##### Recorded information #####

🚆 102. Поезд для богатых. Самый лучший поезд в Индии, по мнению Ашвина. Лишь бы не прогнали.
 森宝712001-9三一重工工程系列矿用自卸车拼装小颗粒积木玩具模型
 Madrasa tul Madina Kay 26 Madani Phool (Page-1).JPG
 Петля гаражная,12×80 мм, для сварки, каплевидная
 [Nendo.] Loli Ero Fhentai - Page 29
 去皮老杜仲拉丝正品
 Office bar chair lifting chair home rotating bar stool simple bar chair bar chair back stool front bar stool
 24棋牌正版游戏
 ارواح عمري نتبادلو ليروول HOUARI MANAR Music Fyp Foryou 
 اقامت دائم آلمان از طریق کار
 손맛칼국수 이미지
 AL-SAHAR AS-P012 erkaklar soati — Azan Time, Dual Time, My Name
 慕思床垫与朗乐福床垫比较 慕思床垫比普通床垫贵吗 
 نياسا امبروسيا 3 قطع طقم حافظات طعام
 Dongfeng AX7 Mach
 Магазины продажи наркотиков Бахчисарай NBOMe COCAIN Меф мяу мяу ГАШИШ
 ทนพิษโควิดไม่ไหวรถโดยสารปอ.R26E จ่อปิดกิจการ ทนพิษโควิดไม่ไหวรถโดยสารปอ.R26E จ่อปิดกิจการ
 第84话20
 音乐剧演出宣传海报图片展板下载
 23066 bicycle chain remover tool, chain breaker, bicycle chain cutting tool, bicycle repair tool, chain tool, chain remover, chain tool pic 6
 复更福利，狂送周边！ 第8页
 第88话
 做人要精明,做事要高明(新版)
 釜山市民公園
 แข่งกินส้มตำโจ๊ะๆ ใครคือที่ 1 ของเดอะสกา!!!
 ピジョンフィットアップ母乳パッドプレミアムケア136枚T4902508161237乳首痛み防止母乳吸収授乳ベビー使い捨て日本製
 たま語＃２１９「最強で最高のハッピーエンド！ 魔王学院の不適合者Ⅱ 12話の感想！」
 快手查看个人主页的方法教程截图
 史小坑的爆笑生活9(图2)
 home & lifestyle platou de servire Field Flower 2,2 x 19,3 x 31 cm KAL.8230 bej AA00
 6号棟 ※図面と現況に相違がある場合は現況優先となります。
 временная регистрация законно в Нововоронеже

#####

**What you have to do:**
Once you have read the material above, write all of it out again exactly.

**Exercise response:**
🚆 102. Поезд для богатых. Самый лучший поезд в Индии, по мнению Ашвина. Лишь бы не прогнали.
 森宝712001-9三一重工工程系列矿用自卸车拼装小颗粒积木玩具模型
 Madrasa tul Madina Kay 26 Madani Phool (Page-1).JPG
 Петля гаражная,12×80 мм, для сварки, каплевидная
 [Nendo.] Loli Ero Fhentai - Page 29
 去皮老杜仲拉丝正品
 Office bar chair lifting chair home rotating bar stool simple bar chair bar chair back stool front bar stool
 24棋牌正版游戏
 ارواح عمري نتبادلو ليروول HOUARI MANAR Music Fyp Foryou 
 اقامت دائم آلمان از طریق کار
 손맛칼국수 이미지
 AL-SAHAR AS-P012 erkaklar soati — Azan Time, Dual Time, My Name
 慕思床垫与朗乐福床垫比较 慕思床垫比普通床垫贵吗 
 نياسا امبروسيا 3 قطع طقم حافظات طعام
 Dongfeng AX7 Mach
 Магазины продажи наркотиков Бахчисарай NBOMe COCAIN Меф мяу мяу ГАШИШ
 ทนพิษโควิดไม่ไหวรถโดยสารปอ.R26E จ่อปิดกิจการ ทนพิษโควิดไม่ไหวรถโดยสารปอ.R26E จ่อปิดกิจการ
 第84话20
 音乐剧演出宣传海报图片展板下载
 23066 bicycle chain remover tool, chain breaker, bicycle chain cutting tool, bicycle repair tool, chain tool, chain remover, chain tool pic 6
 复更福利，狂送周边！ 第8页
 第88话
 做人要精明,做事要高明(新版)
 釜山市民公園
 แข่งกินส้มตำโจ๊ะๆ ใครคือที่ 1 ของเดอะสกา!!!
 ピジョンフィットアップ母乳パッドプレミアムケア136枚T4902508161237乳首痛み防止母乳吸収授乳ベビー使い捨て日本製
 たま語＃２１９「最強で最高のハッピーエンド！ 魔王学院の不適合者Ⅱ 12話の感想！」
 快手查看个人主页的方法教程截图
 史小坑的爆笑生活9(图2)
 home & lifestyle platou de servire Field Flower 2,2 x 19,3 x 31 cm KAL.8230 bej AA00
 6号棟 ※図面と現況に相違がある場合は現況優先となります。
 временная регистрация законно в Нововоронеже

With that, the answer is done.